Activity: What you return must be an exact copy of the lines in the listing below between the line holding "H&C VENT Grille" and the line holding "foto del prodotto", inclusive, and nothing more.

Materials provided:
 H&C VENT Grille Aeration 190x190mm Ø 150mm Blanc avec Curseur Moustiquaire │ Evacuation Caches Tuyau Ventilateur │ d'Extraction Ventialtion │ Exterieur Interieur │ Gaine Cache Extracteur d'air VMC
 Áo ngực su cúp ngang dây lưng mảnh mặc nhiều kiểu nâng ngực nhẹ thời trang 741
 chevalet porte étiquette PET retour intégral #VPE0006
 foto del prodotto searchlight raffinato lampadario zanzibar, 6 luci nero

---

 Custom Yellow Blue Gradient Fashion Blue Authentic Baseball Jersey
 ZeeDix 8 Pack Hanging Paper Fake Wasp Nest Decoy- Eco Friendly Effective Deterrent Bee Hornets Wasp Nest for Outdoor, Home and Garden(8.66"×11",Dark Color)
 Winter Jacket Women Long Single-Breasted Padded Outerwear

Task output:
 H&C VENT Grille Aeration 190x190mm Ø 150mm Blanc avec Curseur Moustiquaire │ Evacuation Caches Tuyau Ventilateur │ d'Extraction Ventialtion │ Exterieur Interieur │ Gaine Cache Extracteur d'air VMC
 Áo ngực su cúp ngang dây lưng mảnh mặc nhiều kiểu nâng ngực nhẹ thời trang 741
 chevalet porte étiquette PET retour intégral #VPE0006
 foto del prodotto searchlight raffinato lampadario zanzibar, 6 luci nero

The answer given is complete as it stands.